The most important distinction to make between regular dogs and dogs that serve as protection for you and your family is the fact that protection dogs aren’t strictly “pets.”  Protection dogs are trained to help your family in a specific role, whereas pets are merely companions. As a pet, your dog might learn to sit, stay, rollover, shake, and jump on command. These commands are mostly for fun and make perfect crowd-pleasers.

Protection dogs, on the other hand, learn life-saving measures and protection strategies when you and your family are faced with a serious threat. Depending on what you want your protection dog to be capable of doing, they can be trained to do everything from keeping an intruder away from you, distracting them, or taking them down. If need be, a protection dog will give its life to keep you and your family safe. They are trained to disarm a threat and keep it neutralized until authorities arrive.

They Need Leadership

As important as it is to ensure that you’re the top dog when you have a pet, protection dogs need your leadership even more. Protection dogs are not recommended for inexperienced dog owners because these dogs need a high level of consistent, steady training and dedicated leadership. Because of their propensity to lead, they will take over if given a chance. It is critical that your protection dog takes their cues from you, so you can go into public with them and have friends over to your house with your dog well under control.

They Need a Job

The best protection dogs have been bred in the working dog class. They thrive on mental and physical stimulation and tend to get bored quickly. They also need regular exercise and refresher courses to keep up their sophisticated training. Protection dogs are highly adaptable and can live nearly anywhere, but they cannot live without several hours of exercise each day. They need to be walked, run, and give tasks to keep them busy. If left alone for too long, they’ll get themselves into trouble. Protection dogs often get blamed for being unfit or lacking training when, in reality, it is the owners who have failed to ensure their dogs have enough time to exercise and work off their high energy. These dogs cannot be left alone in an apartment all day and be expected to sit or lie down for the rest of the night when owners return. They need activity, exercise, and stimulation, just as much as they need food and water.

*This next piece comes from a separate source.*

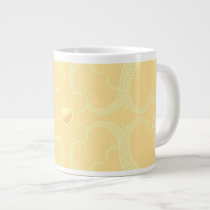 Cream Heart Fractal Pattern Jumbo Mug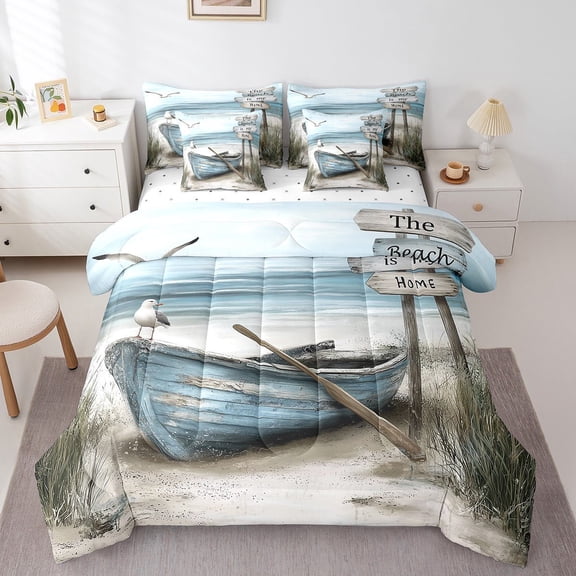 Erosebridal Retro Boat Pattern Bedding Sets King Size, Rustic Farmhouse Lake House Lodge Cabin Comforter Sets with Sheets, Breathable 7 Pieces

Common Protection Dog Breeds

Protection dogs are unique animals. After all, it is not just any other dog that can serve in this role. According to Scott’s K9, these dogs must be known and bred for their work ethic, intelligence, build, loyalty, and fearlessness. While nearly any dog can serve as a watchdog – a K9 companion that simply alerts you to trouble – only a few breeds qualify as a dog that can protect you should a threat arise.

German Shepherd

German Shepherd trained protection dogs have long been favorites of the police. They serve as bomb detection, drug sniffers, and aid police in apprehending suspects. They are intelligent, loyal, and dedicated to hard work. Like any German Shepherd protection dog, they need plenty of exercise, training, and do their best when given a job. They’re always on alert and will protect individuals and families well.

Belgian Malinois

An up and coming favorite, the Malinois is an incredibly intelligent dog with a high prey drive and consistent work ethic. They need plenty of training and a minimum of two to three hours of exercise daily. These dogs need strong, steady leadership, so they are not recommended for inexperienced dog owners.


These dogs were bred and used to guard the royalty of Japan. Naturally alert and suspicious when it comes to strangers, they take their guarding duty seriously. They take well to training and will need socialization lessons. These dogs have a high energy level and need plenty of exercises.


The Bullmastiff is as loyal and brave as it looks. The size of this large dog provides a natural deterrent to would-be intruders. They are naturally affectionate and loving toward their family and are excellent protectors. Like any protection dog, they need training, consistent leadership, and plenty of physical activity.

Protection Dogs Serve You

Protection dogs are different from regular family pets. They are loving, intelligent, and trainable. They have a high prey drive and will protect you with their lives. With the right training, proper leadership, and plenty of exercise, protection dogs can become a functional part of your family.